Segment Start: RECORD EXCERPTS

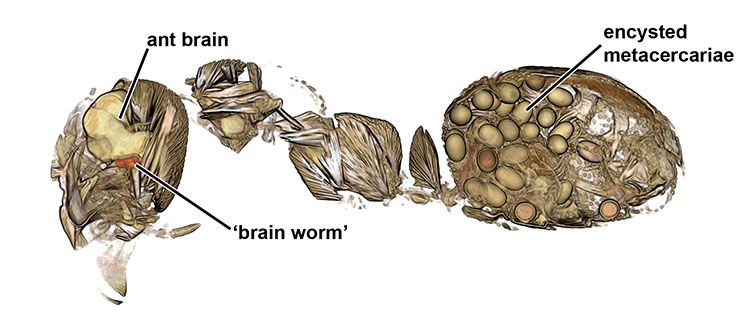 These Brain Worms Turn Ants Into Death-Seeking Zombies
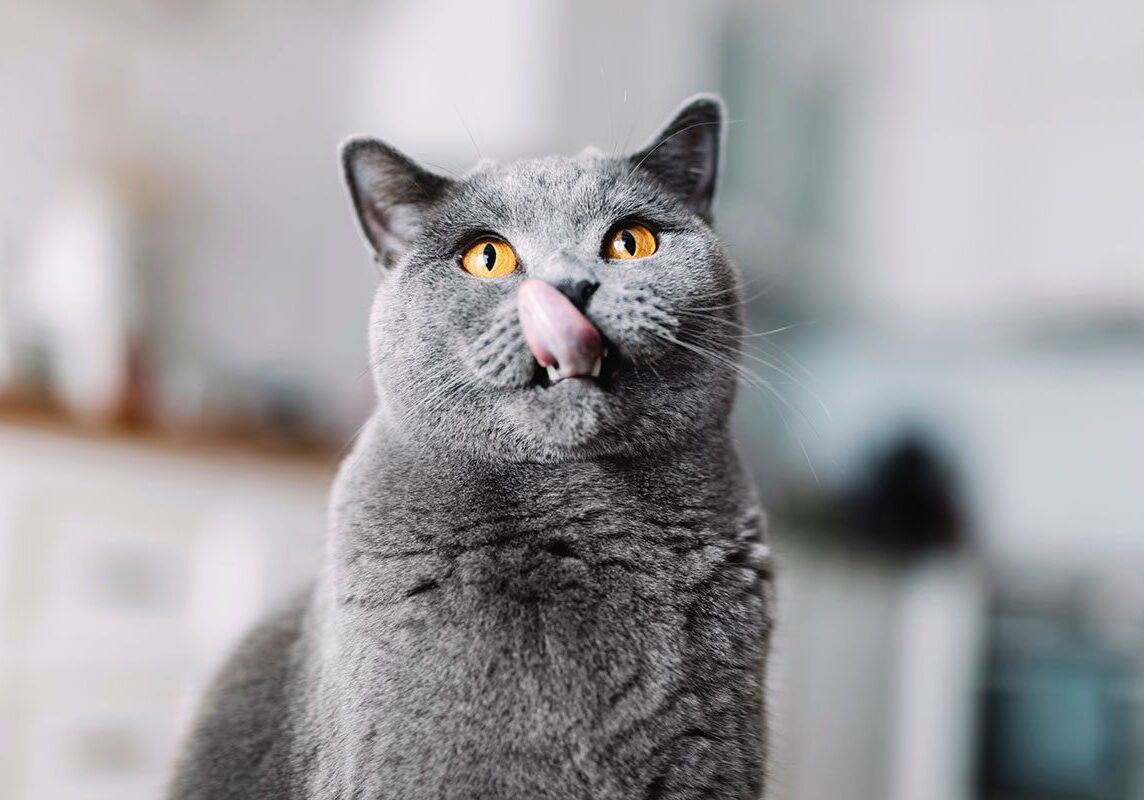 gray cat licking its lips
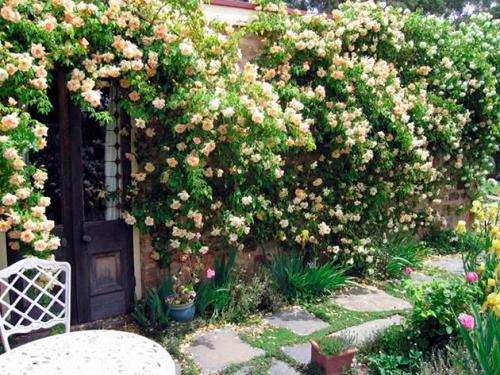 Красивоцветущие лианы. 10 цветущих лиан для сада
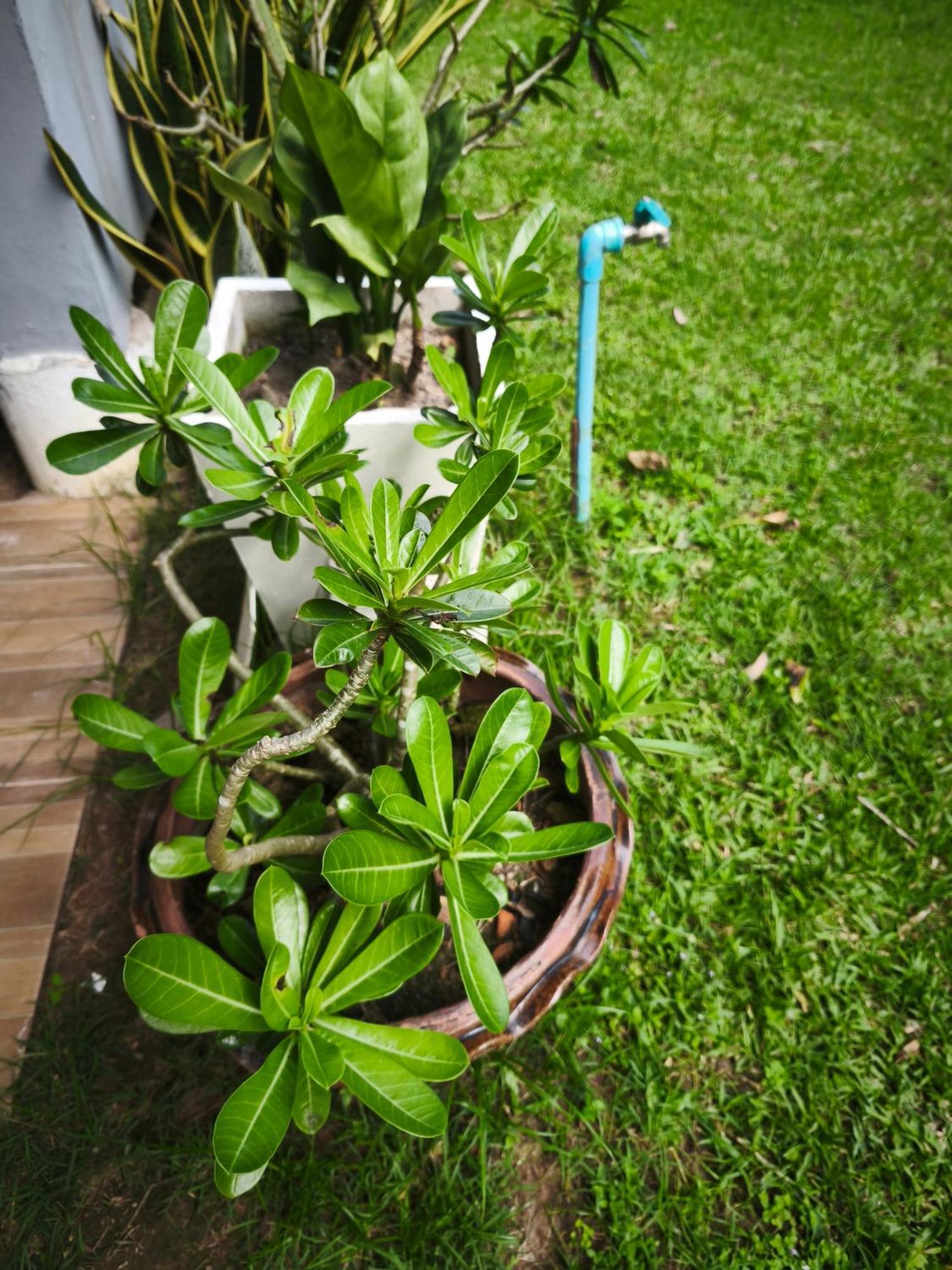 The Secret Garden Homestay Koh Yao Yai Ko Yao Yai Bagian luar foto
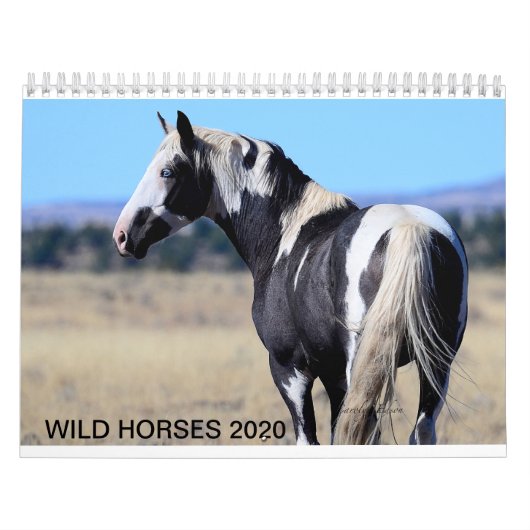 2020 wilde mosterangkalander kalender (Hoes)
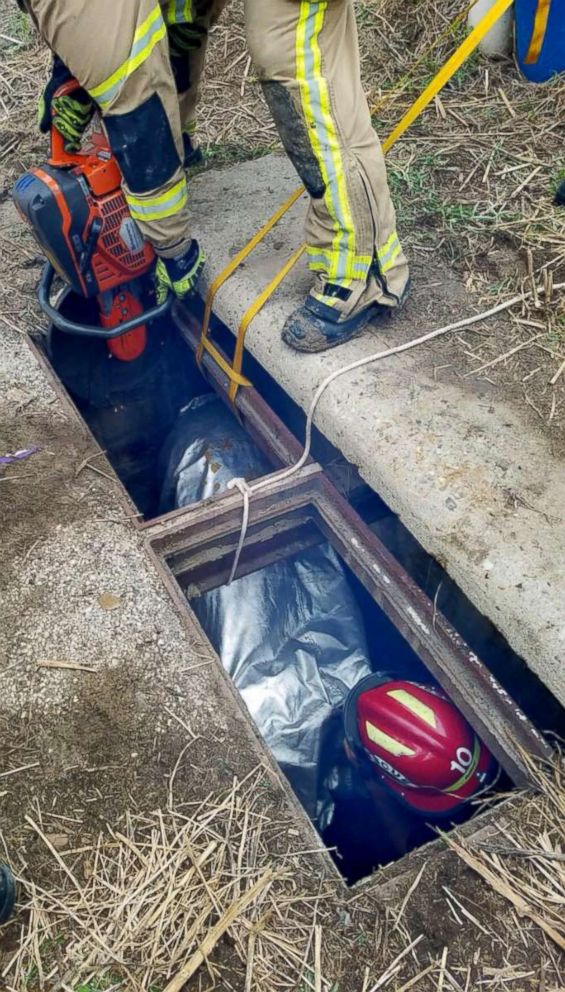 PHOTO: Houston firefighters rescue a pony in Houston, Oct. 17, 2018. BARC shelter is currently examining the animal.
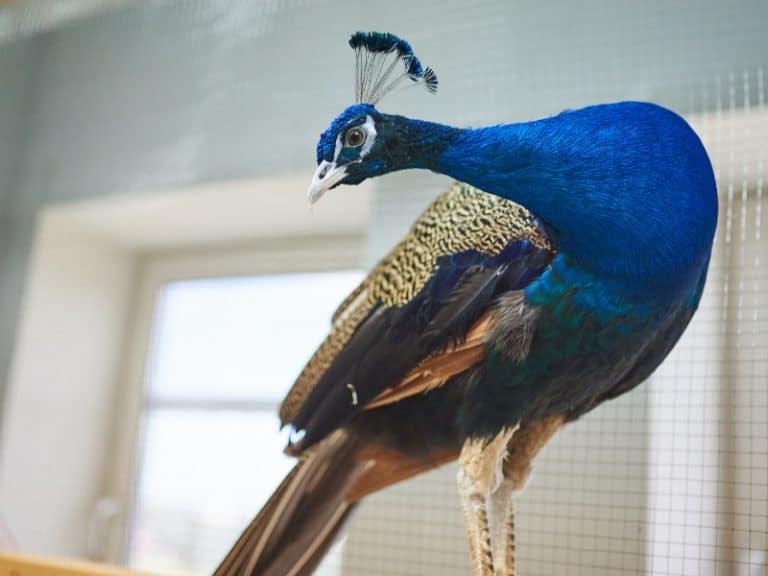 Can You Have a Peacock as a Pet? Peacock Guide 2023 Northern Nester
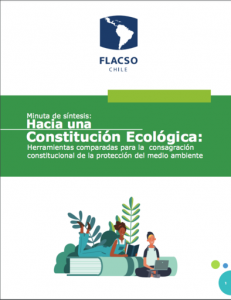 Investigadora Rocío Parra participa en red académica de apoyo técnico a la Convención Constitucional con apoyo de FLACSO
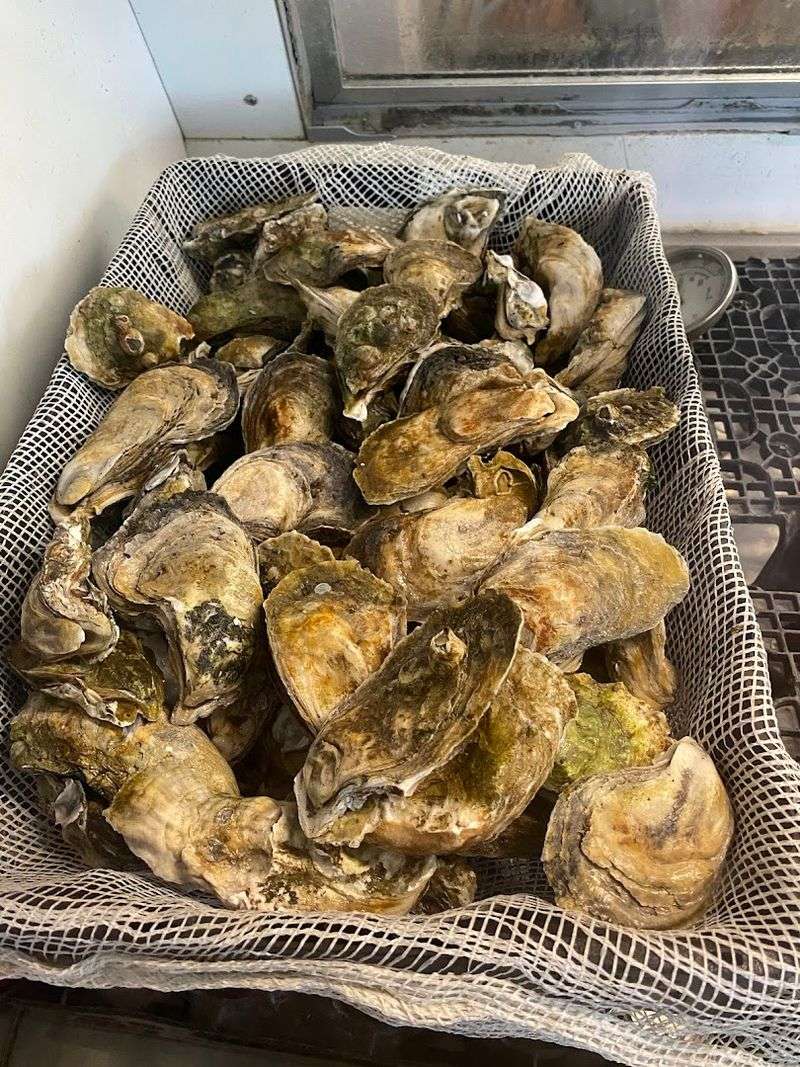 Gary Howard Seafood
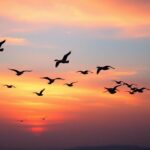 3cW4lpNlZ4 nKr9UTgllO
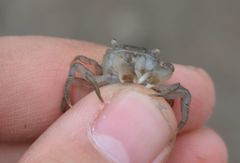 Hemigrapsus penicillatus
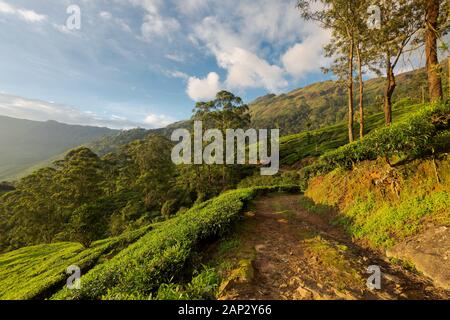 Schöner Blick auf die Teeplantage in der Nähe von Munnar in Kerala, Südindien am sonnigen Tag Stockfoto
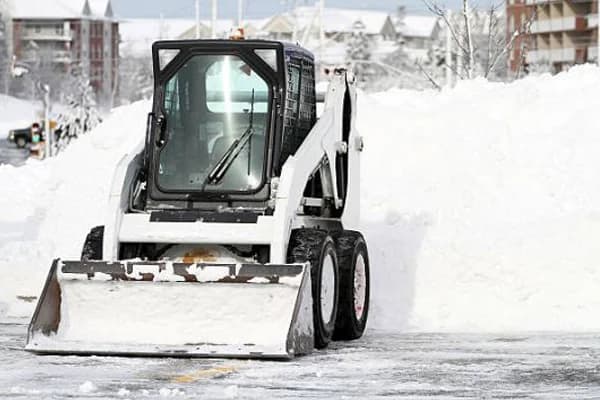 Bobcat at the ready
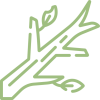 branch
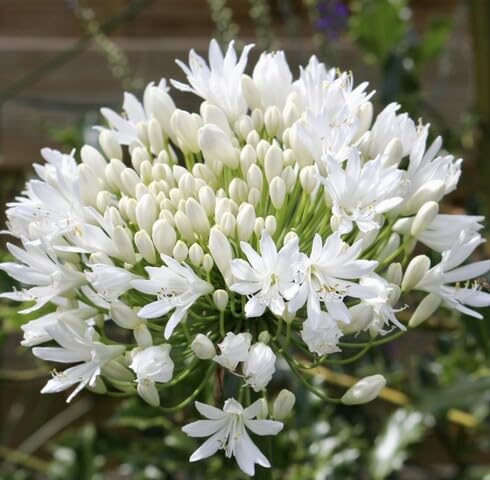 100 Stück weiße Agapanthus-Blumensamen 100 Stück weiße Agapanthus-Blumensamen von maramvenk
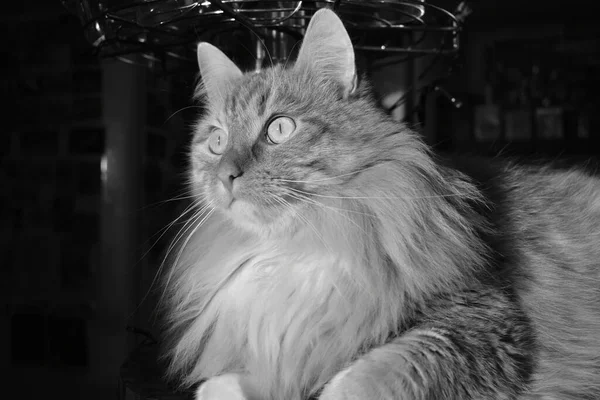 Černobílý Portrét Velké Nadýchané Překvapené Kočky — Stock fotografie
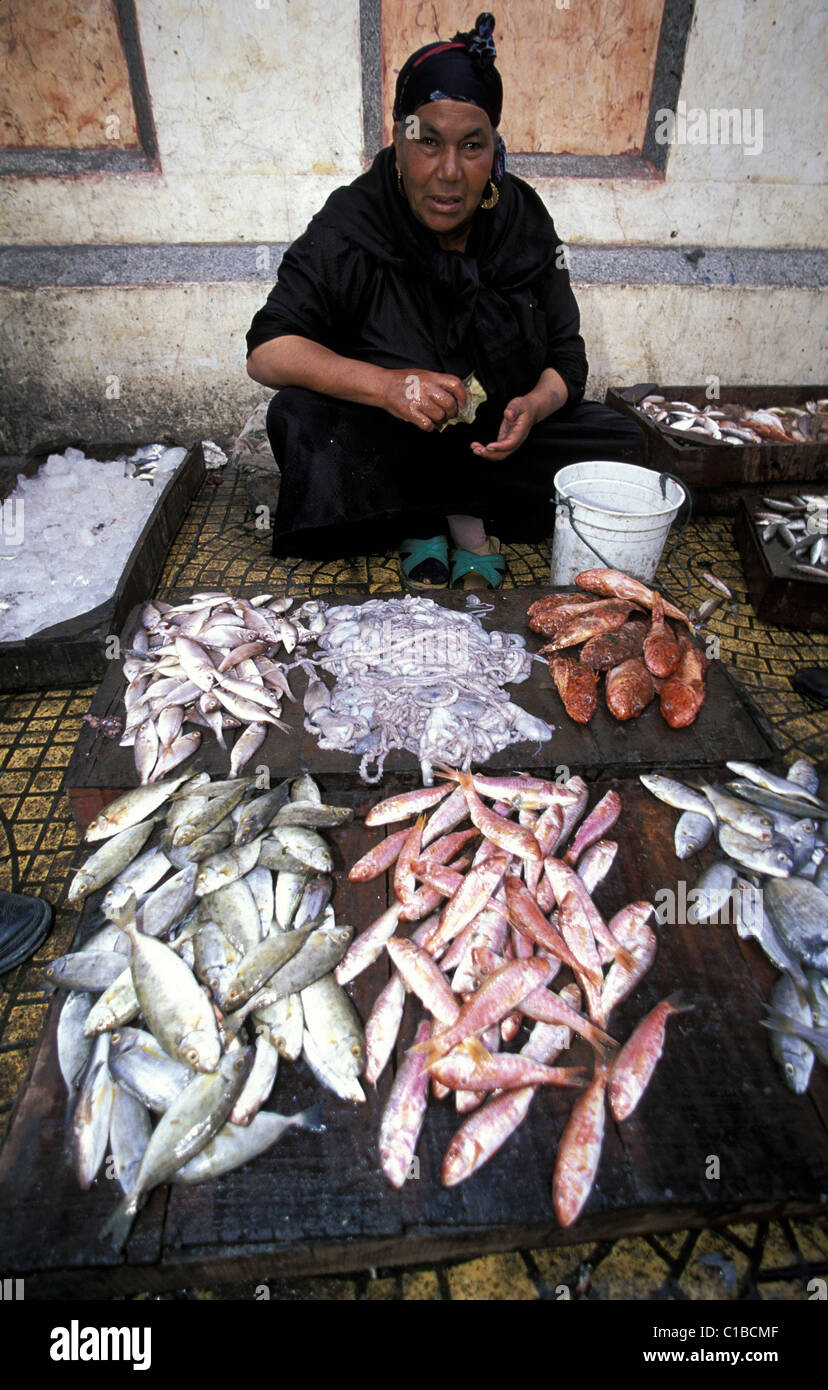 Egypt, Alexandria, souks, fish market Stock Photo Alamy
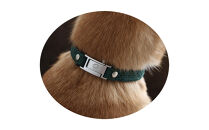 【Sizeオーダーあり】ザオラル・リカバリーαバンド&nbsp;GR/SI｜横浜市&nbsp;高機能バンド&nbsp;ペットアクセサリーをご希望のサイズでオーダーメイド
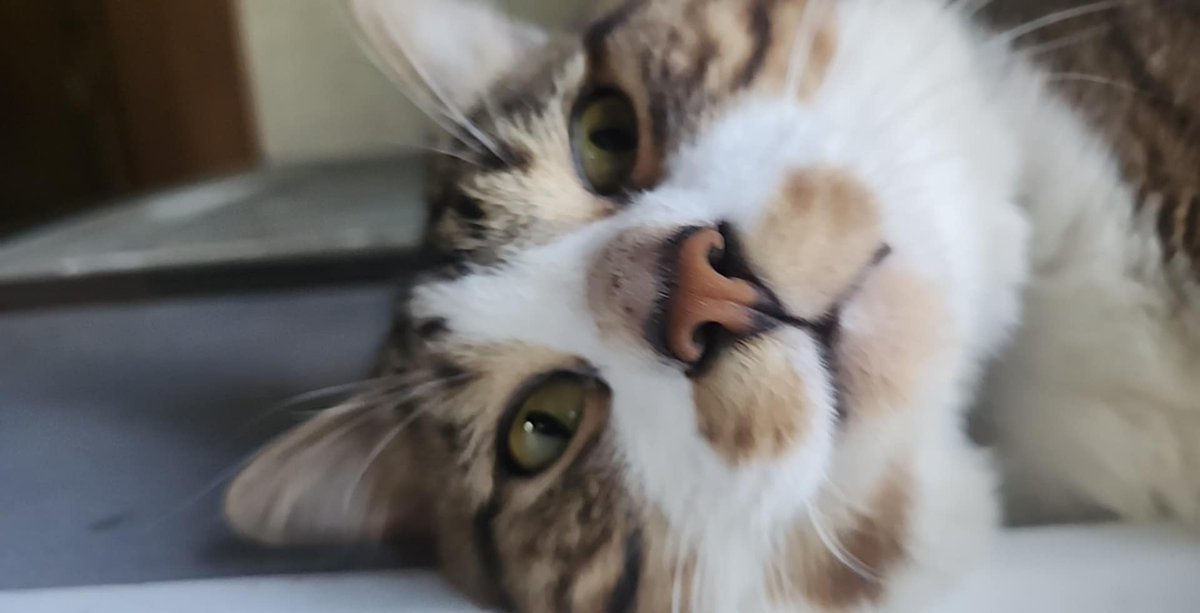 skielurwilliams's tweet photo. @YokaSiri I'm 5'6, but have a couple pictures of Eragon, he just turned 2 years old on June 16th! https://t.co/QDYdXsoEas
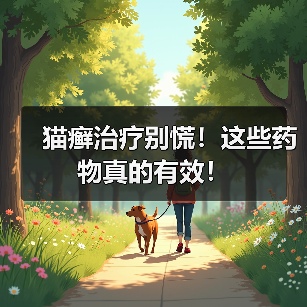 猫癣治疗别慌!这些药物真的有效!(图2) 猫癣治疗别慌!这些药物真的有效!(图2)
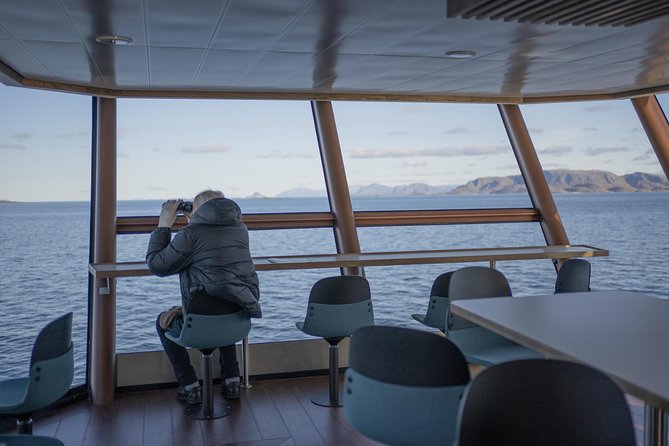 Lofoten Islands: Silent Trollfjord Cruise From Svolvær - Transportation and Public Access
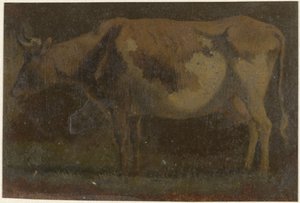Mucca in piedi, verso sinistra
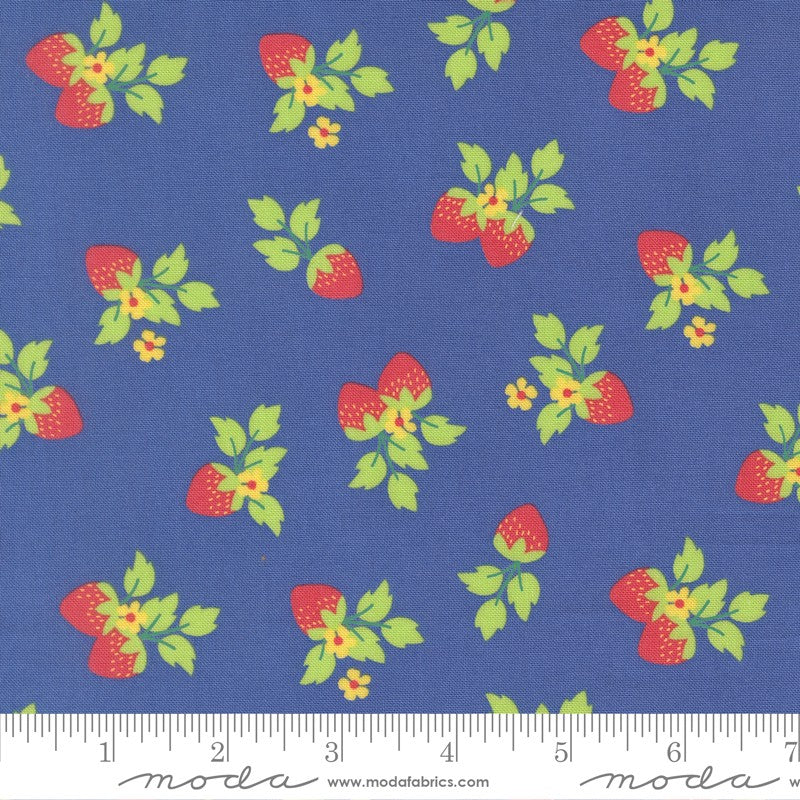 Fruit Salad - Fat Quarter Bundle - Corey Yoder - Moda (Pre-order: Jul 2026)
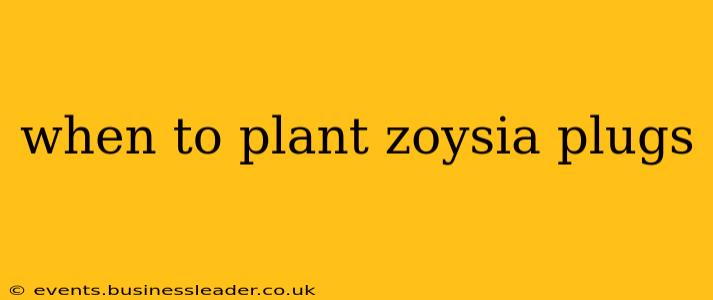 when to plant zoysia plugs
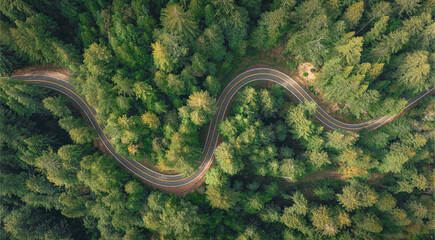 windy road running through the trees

Segment End: RECORD EXCERPTS

▸ **PROBLEM REQUIREMENTS**
Repeat all of the entries above exactly. Keep pictures out of it.

▸ **RESULT OF THE EXERCISE**
 These Brain Worms Turn Ants Into Death-Seeking Zombies
 gray cat licking its lips
 Красивоцветущие лианы. 10 цветущих лиан для сада
 The Secret Garden Homestay Koh Yao Yai Ko Yao Yai Bagian luar foto
 2020 wilde mosterangkalander kalender (Hoes)
 PHOTO: Houston firefighters rescue a pony in Houston, Oct. 17, 2018. BARC shelter is currently examining the animal.
 Can You Have a Peacock as a Pet? Peacock Guide 2023 Northern Nester
 Investigadora Rocío Parra participa en red académica de apoyo técnico a la Convención Constitucional con apoyo de FLACSO
 Gary Howard Seafood
 3cW4lpNlZ4 nKr9UTgllO
 Hemigrapsus penicillatus
 Schöner Blick auf die Teeplantage in der Nähe von Munnar in Kerala, Südindien am sonnigen Tag Stockfoto
 Bobcat at the ready
 branch
 100 Stück weiße Agapanthus-Blumensamen 100 Stück weiße Agapanthus-Blumensamen von maramvenk
 Černobílý Portrét Velké Nadýchané Překvapené Kočky — Stock fotografie
 Egypt, Alexandria, souks, fish market Stock Photo Alamy
 【Sizeオーダーあり】ザオラル・リカバリーαバンド&nbsp;GR/SI｜横浜市&nbsp;高機能バンド&nbsp;ペットアクセサリーをご希望のサイズでオーダーメイド
 skielurwilliams's tweet photo. @YokaSiri I'm 5'6, but have a couple pictures of Eragon, he just turned 2 years old on June 16th! https://t.co/QDYdXsoEas
 猫癣治疗别慌!这些药物真的有效!(图2) 猫癣治疗别慌!这些药物真的有效!(图2)
 Lofoten Islands: Silent Trollfjord Cruise From Svolvær - Transportation and Public Access
Mucca in piedi, verso sinistra
 Fruit Salad - Fat Quarter Bundle - Corey Yoder - Moda (Pre-order: Jul 2026)
 when to plant zoysia plugs
 windy road running through the trees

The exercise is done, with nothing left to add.